Australia-listed REA Group Ltd., controlled by Murdoch’s News Corp., is using the standard tactic in UK mergers and acquisitions — go in low and then publicly inch higher, doubtless hoping Rightmove’s shareholders will nudge the company to the negotiating table (as some now are). The first cash-and-shares pitch was priced at a futile sub-30% premium over Rightmove’s value before Murdoch’s interest became public last month. The third, rejected this week, was worth 761 pence a share based on REA’s share price at the beginning of this week. That equates to a 37% premium, valuing Rightmove at £6 billion ($8 billion).
That’s far from knockout territory. It’s attractive if you think Rightmove shares have little chance of hitting that level in the foreseeable future. True, Rightmove has essentially gone nowhere in the last five years, so you might well harbor such doubts. But the rearview mirror is unhelpful here. Rightmove is a relatively young company; it gained its first external chief executive officer, Johan Svanstrom, only last year.

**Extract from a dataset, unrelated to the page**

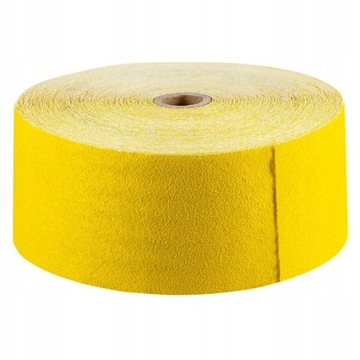 PAPIER ŚCIERNY DO SZLIFOWANIA DREWNA METALU STALI na metry 115mm P120 1 m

He’s diversifying away from residential property ads into mortgage broking, commercial property and services for landlords. The company had put hard numbers on this strategy before takeover interest surfaced, including targeting £420 million of operating profit in 2028. That would be more than 50% over its expected level this year.
Were Murdoch dangling an all-cash offer, it might be a tempting alternative to gambling on Svanstrom dragging Rightmove out of its rut. But REA is looking to pay mainly in its own stock. Some of Rightmove’s shares are likely held by fund managers with mandates forbidding non-UK-based companies. They’d have to sell, despite REA promising a London listing. The more that do, the more that would weigh on REA’s stock price, lowering the real-world value of the takeover.
Rightmove investors who can hold Australian paper face the separate worry that REA’s enviable valuation – a multiple of forecast profit well ahead of peers – is so high it can only go one way: down. They too may just dump any REA stock received as payment.